Вокруг царил хаос. Но посреди резни Леголасу явилась и красота, которая сокрушила его сердце. Вокруг погибали друзья, и воздух дрожал от стонов и стенаний, но небо над Золотым Лесом окрасилось алым золотом и было так прекрасно, что на глазах юноши проступили слёзы от того, что он никогда не сможет поведать об этом своему сыну. Там под алым небом молодой дракон впервые расправил крылья и воспарил над землёй.
— Ты меня не получишь! Не сегодня! — прошипел принц и с мерзким хлюпающим звуком молниеносно вонзил отточенным движением орку кинжал в горло. Тот, похоже, даже не успел понять, что, собственно, случилось.

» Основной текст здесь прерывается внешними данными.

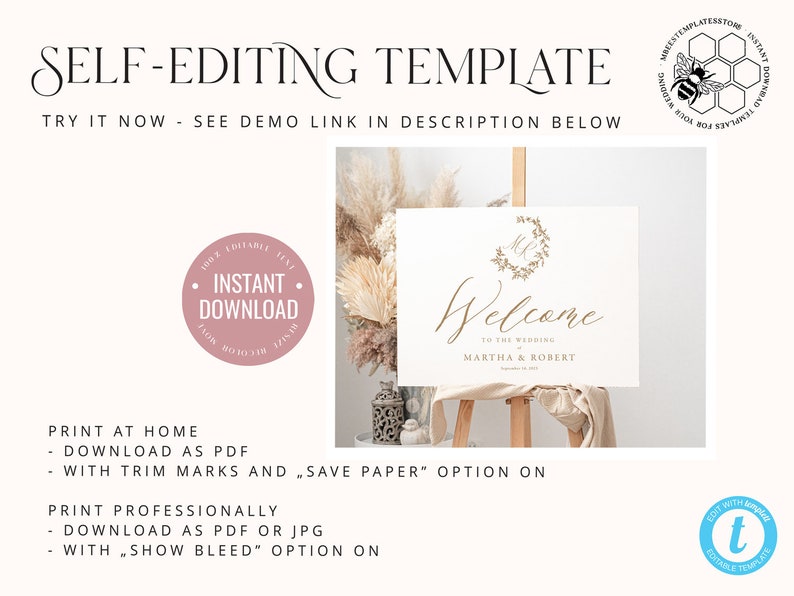 Boho Wedding Welcome Sign Template Instant Download Rustic - Etsy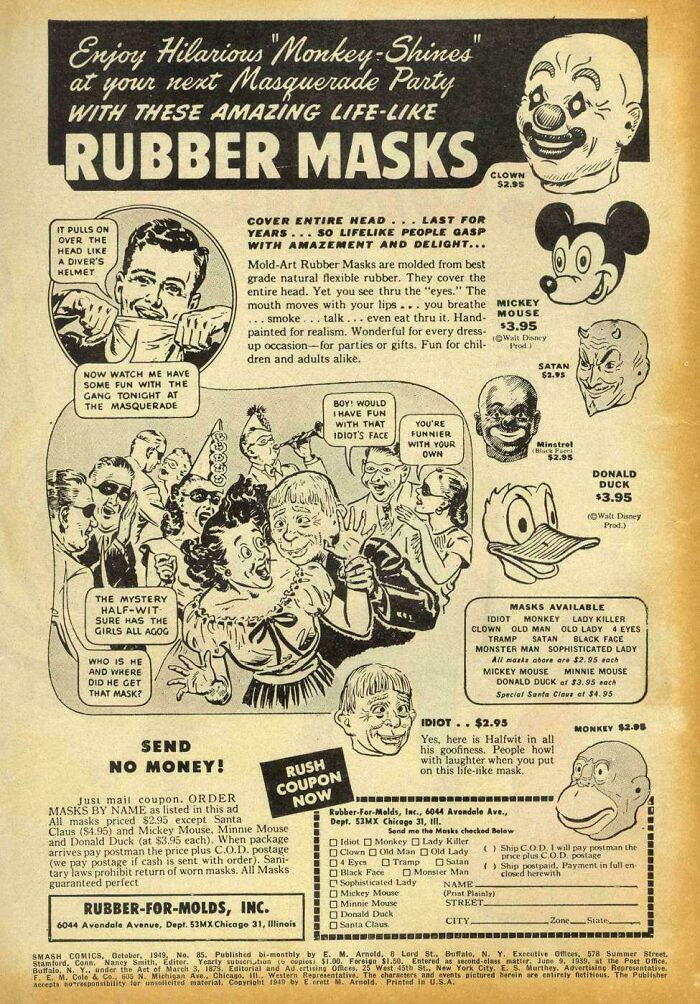 Vintage ad showcasing life-like rubber masks for parties, highlighting classic characters and quirky designs from the past.
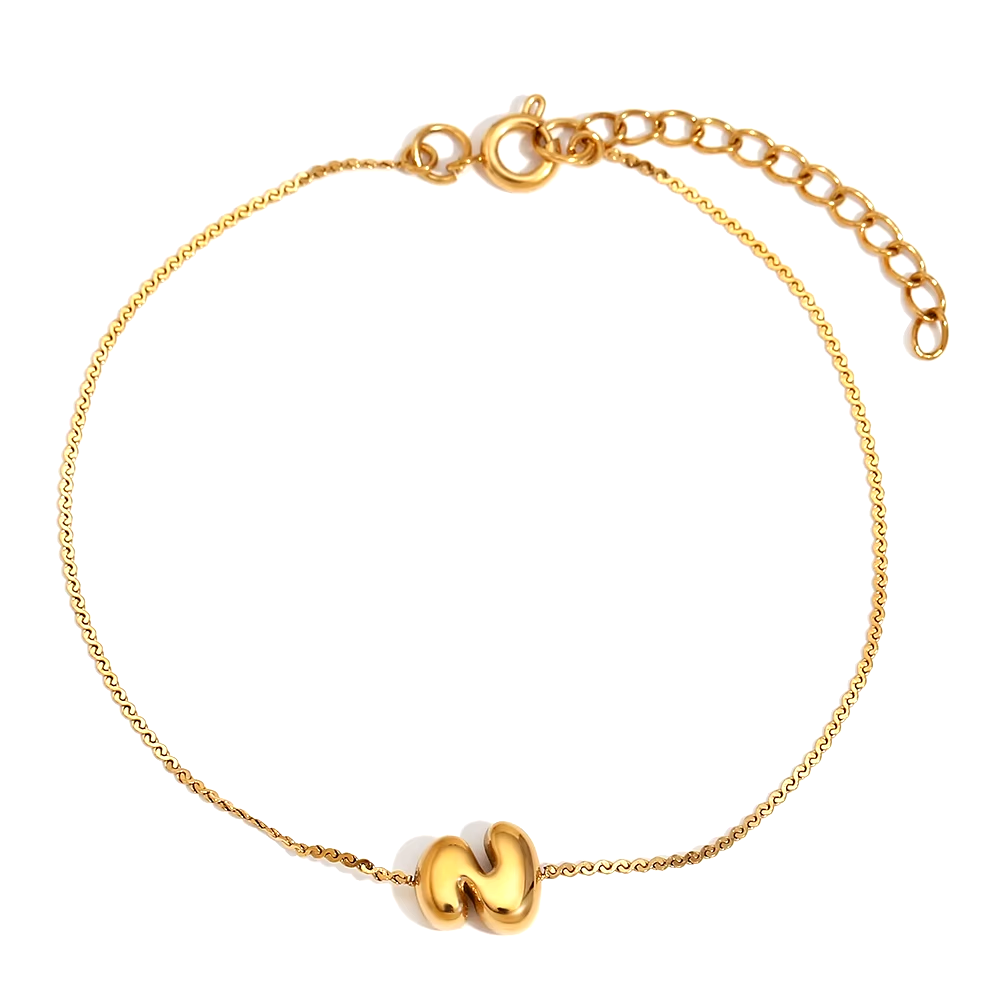 Maliben | Dainty Bubble Letter Initial Bracelet
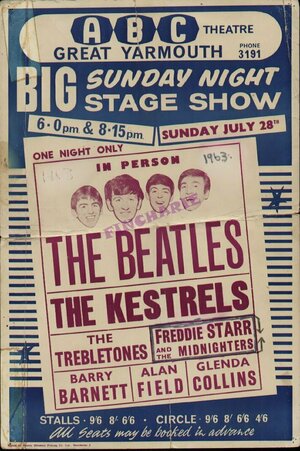Concert poster from The Beatles - ABC Cinema, Great Yarmouth, England - 28. Jul 1963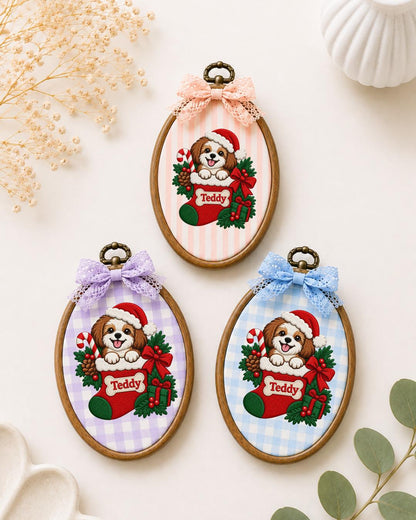 Personalized Christmas Dog Embroidered Ornament, Custom Pet Name Stocking Hoop, Dog Lover Christmas Gift, Holiday Pet Keepsake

Всё завертелось так стремительно, что Леголас утратил нить происходящего. Он больше не чувствовал ни страха, ни боли, ни усталости, ни течения времени, ни капелек пота, что проступили на лбу и теперь медленно стекали вниз, заливая глаза. Леголас перестал чувствовать, перестал думать, перестал быть собой, остался только бой и враг — один, другой, третий, десятый, и принц знал, что не подвластен усталости и страху в отличие от недругов. Сама смерть кружилась вокруг него в ритуальной пляске, но орки так медленно махали своими мечами, что принц танцевал среди них, смеясь. Драконам не нужна победа. Это слишком эфемерная мера. Дракон если и сражается, то либо за свою жизнь, либо за чужую. И неважно — забрать её или сохранить.
Очередное обезглавленное тело с глухим стуком рухнуло наземь, являя принцу ещё двух противников. Один из них был верхом на варге, а второй — почти на две головы его выше и раз в пять крупнее.
Принц оскалился, как дикий зверь, и прорычал, глядя надвигавшейся на него смерти в глаза:
— Кис-кис-кис!
Варг ринулся на тщедушную тушку в надежде похрустеть суповым набором, но тощий эльф кинулся на него и буквально рухнул, как подкошенный, прямо ему под лапы.
«Откинулся поди от страха. Не люблю тухлятину», — подумал зверь, клацнул острыми, как бритва, зубами, но вместо шеи эльфа ощутил лишь пустоту и обжигающую боль внизу живота. Варг истошно взвыл и завалился набок, попутно придавив седока нехилым весом откормленной тушки.